These attacks, which in recent days have spread from the West Bank into Israel proper, have stoked fears of heightened violence and sparked increasingly agitated calls to find and punish the assailants. Yesterday, Israeli leaders chimed in with condemnations, and police said they were stepping up efforts to halt the violence.

“It’s against everything that the Jewish people stand for, as a country and as a democracy,’’ said President Shimon Peres, a Nobel peace laureate. “I am sure that our police will apprehend all the people who did this, the criminals, and we shall not let them walk free.’’

In the latest instance, vandals sprayed-painted “Death to the Arabs’’ in Muslim and Christian cemeteries in the Jaffa section of Tel Aviv. The rampage, discovered late Saturday after Yom Kippur, the holiest day in the Jewish calendar, followed a mosque burning last week in an Arab village in northern Israel. The torching set off violent clashes between residents and police in a town that has historically been a model of coexistence.

The two incidents were among the first to take place inside Israel, where Arab residents, in contrast with their Palestinian brethren in the neighboring West Bank, are citizens.

For several years, Israeli settlers have frequently attacked Palestinian targets in the West Bank, vandalizing mosques and uprooting olive trees.

These attacks are meant to protest Israeli government policies seen as sympathetic to the Palestinians, who hope to make the West Bank part of an independent state. Nationalist settlers oppose a Palestinian state on what they say is land promised to the Jews in the Bible.
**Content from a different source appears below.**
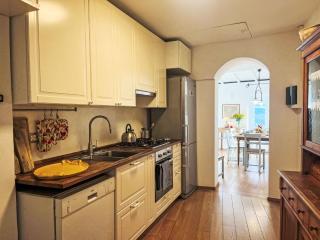 Holiday Home Bellissimi - DOL280 by Interhome - 6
Yesterday, some 100 settlers attacked a group of Palestinian villagers in their olive groves near Nablus in the northern West Bank with sticks and stones, witnesses said. The army said it rushed to the scene and broke up the clash, allowing the farmers to harvest their crop.

At times, the Israeli Army has become a target of the settlers, with vandals stoning or slashing the tires of military vehicles.

The latest bouts of violence appear to be connected to Israel’s decision last month to demolish several illegally built structures in the unauthorized West Bank settler outpost of Migron. Settlers are also furious over the death of an Israeli settler and his infant son in a car accident caused by Palestinian stone throwers.